I think a lot of the problem is organizational. Land-based artillery is important to a lot of people, and making it better is clearly a priority for them. But nobody cares that much about naval guns, because they're basically there to put shots across the bows of merchantmen and do a bit of light shore bombardment in a pinch. So if the program runs over budget, just cancel it. Zumwalt was a partial exception, but the issue there was that there were only a few ships and they showed up too late. There's also the issue that naval guns often have a secondary AA role, which often gets included in the list of things guided shells need to do. This makes them a lot harder to build.
Possibly what I'm missing is just how often military projects in general are cancelled after they technically worked? (Either because they didn't work as well as the designers hoped, or because changed circumstances made them less useful.) So there's nothing mysterious here, it's just normal for a concept in the "might or might not be worth it" zone to have this many abandoned attempts?

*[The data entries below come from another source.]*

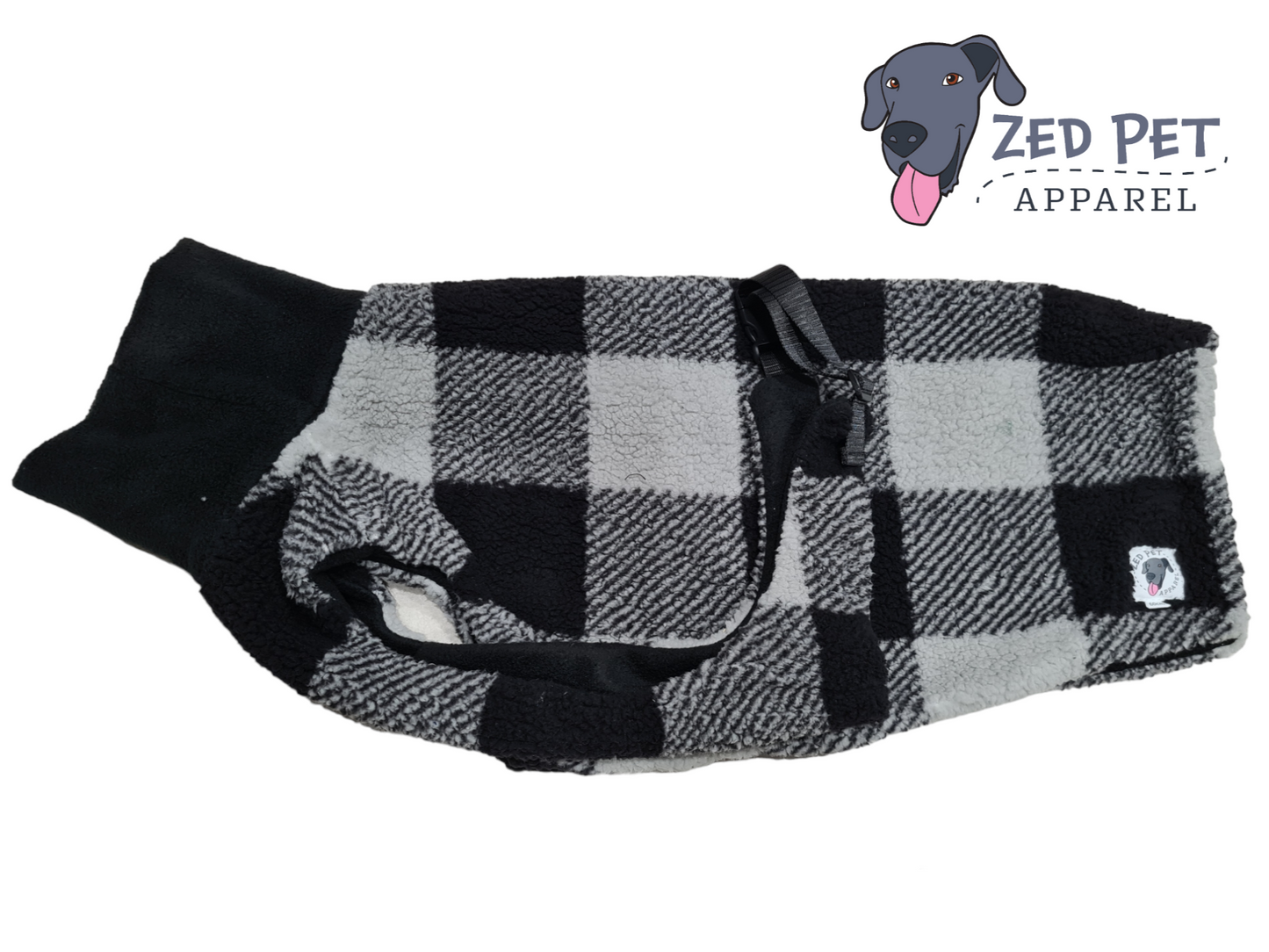 black and grey checks print plush fleece dog coat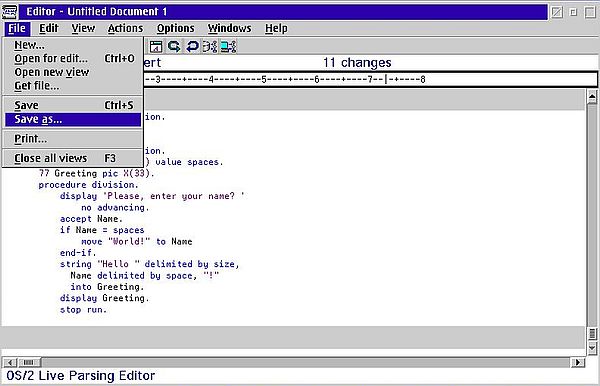 VisualAge for COBOL on OS/2: Building command line programs - Saving the source file in COBOL Editor [1]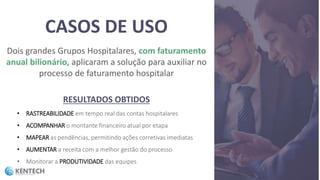 Dois grandes Grupos Hospitalares, com faturamento
anual bilionário, aplicaram a solução para auxiliar no
processo de faturamento hospitalar
RESULTADOS OBTIDOS
• RASTREABILIDADE em tempo real das contas hospitalares
• ACOMPANHAR o montante financeiro atual por etapa
• MAPEAR as pendências, permitindo ações corretivas imediatas
• AUMENTAR a receita com a melhor gestão do processo
• Monitorar a PRODUTIVIDADE das equipes
CASOS DE USO
 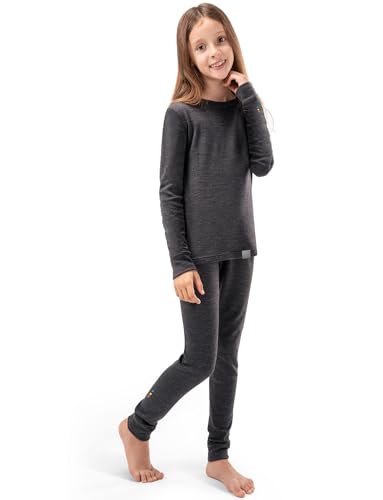 WooLogic 100% Merino Wool Girls Base Layer Set Midweight Thermal Underwear Top Bottom Fleece Lined Thick Warm Skiing (Charcoal Heather L)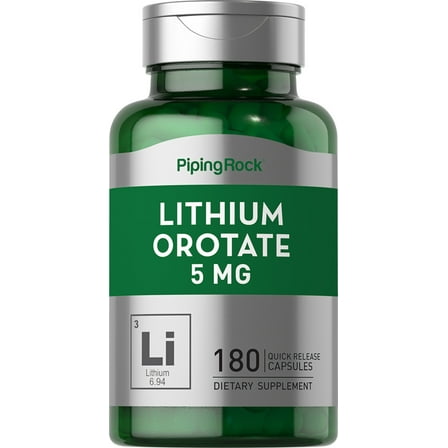 Lithium Orotate 5 mg | 180 Capsules | by Piping Rock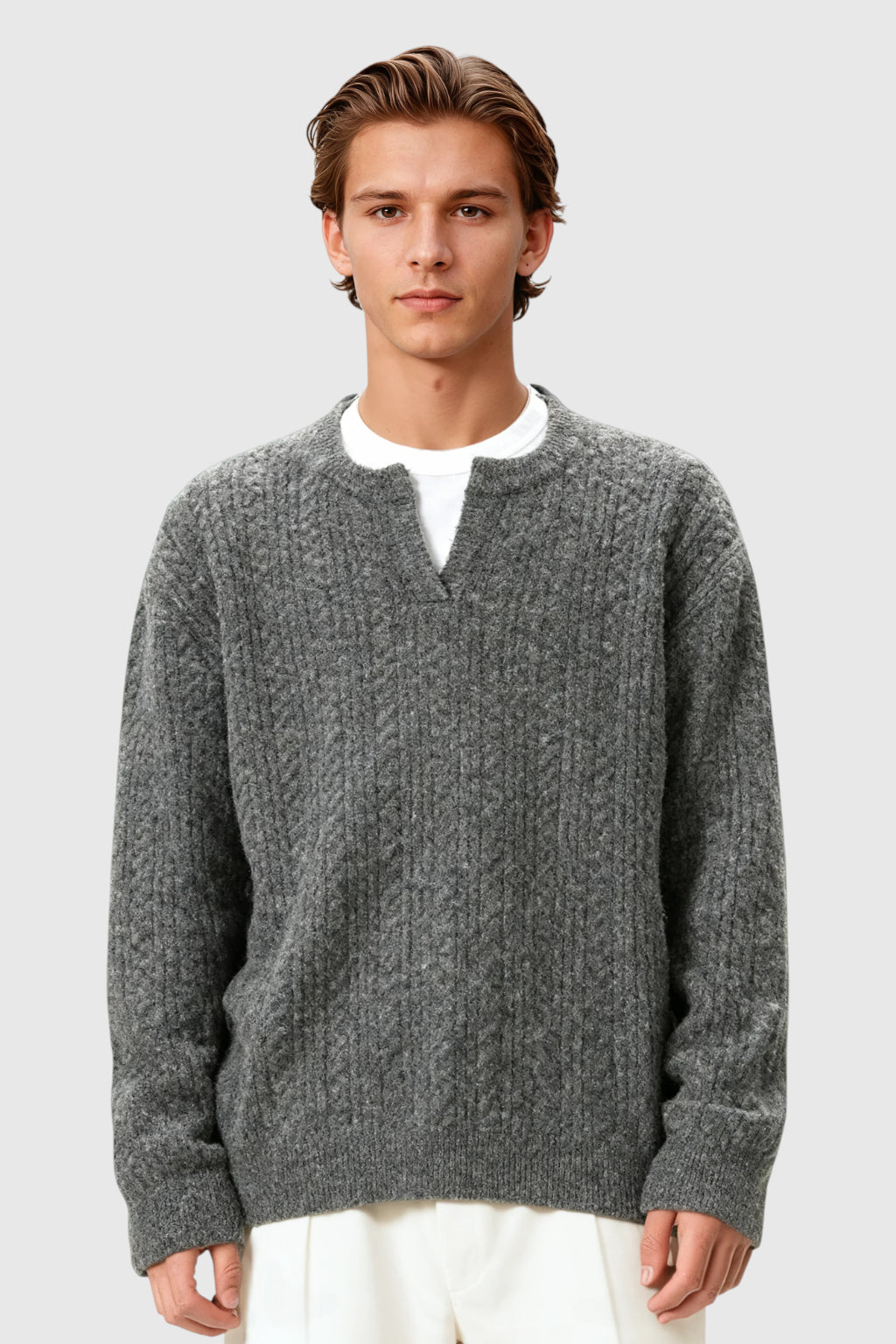Herrestrik – Kabelstrikket Sweater med Lille V-Hals – Taikoo Gray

I think we basically agree on why they're more worth it on land: the more guns you have, the more it's worth improving their shells instead of switching to missiles.
I suggest the reason people kept trying guided shells at sea is because they're not obviously a bad idea.
As a system a gun has a big, heavy, expensive "launcher" with small, cheap projectiles. A WW2 battleship would carry around a thousand main rounds, a cruiser a few thousand. Looks very attractive compared to the max hundred or so shots from a big modern warship. The guidance system pushes the shell cost up, but still cheaper than a missile - especially if you're thinking only of ship to ship combat, where you don't need to be as precise because a warship is a lot bigger than a tank or bunker.
I'm not claiming they're an obviously bad idea, more being surprised to see that many technically-working but abandoned attempts, and apparently no successes. (Which I may have been wrong about: given the above, Vulcano may count as a success.)
I'm mostly comparing them to the small missiles that would have similar performance and cost, not to big missiles.